----- Dataset content -----

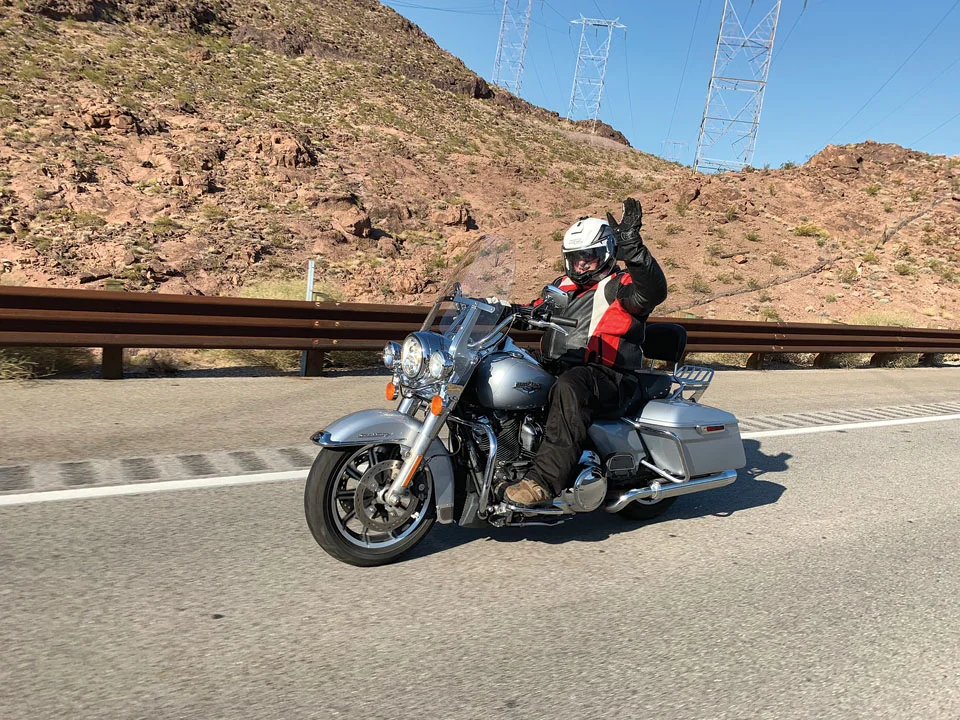 HD166-Sturgis USA 2019-22.jpg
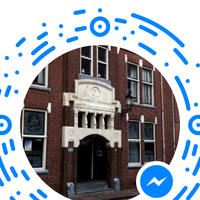De Klepper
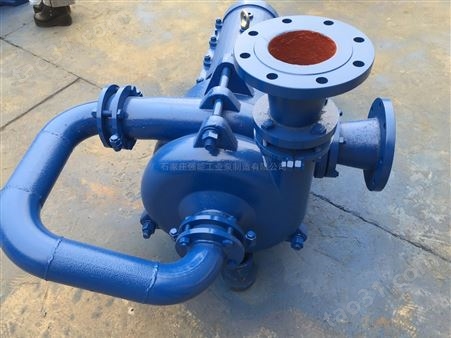 供应ZJW矿浆输送泵厢式压滤机入料泵强能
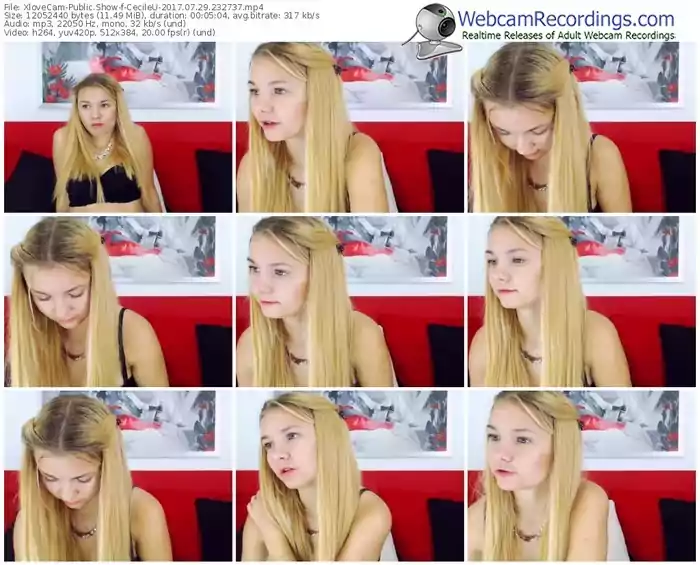 xlovecam-cecileu-webcam-show-07_29_2017-23_27_37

-----

__Exercise objective__: Exact copy, no images: rewrite the entire listing above.

__Answer__:
 HD166-Sturgis USA 2019-22.jpg
De Klepper
 供应ZJW矿浆输送泵厢式压滤机入料泵强能
 xlovecam-cecileu-webcam-show-07_29_2017-23_27_37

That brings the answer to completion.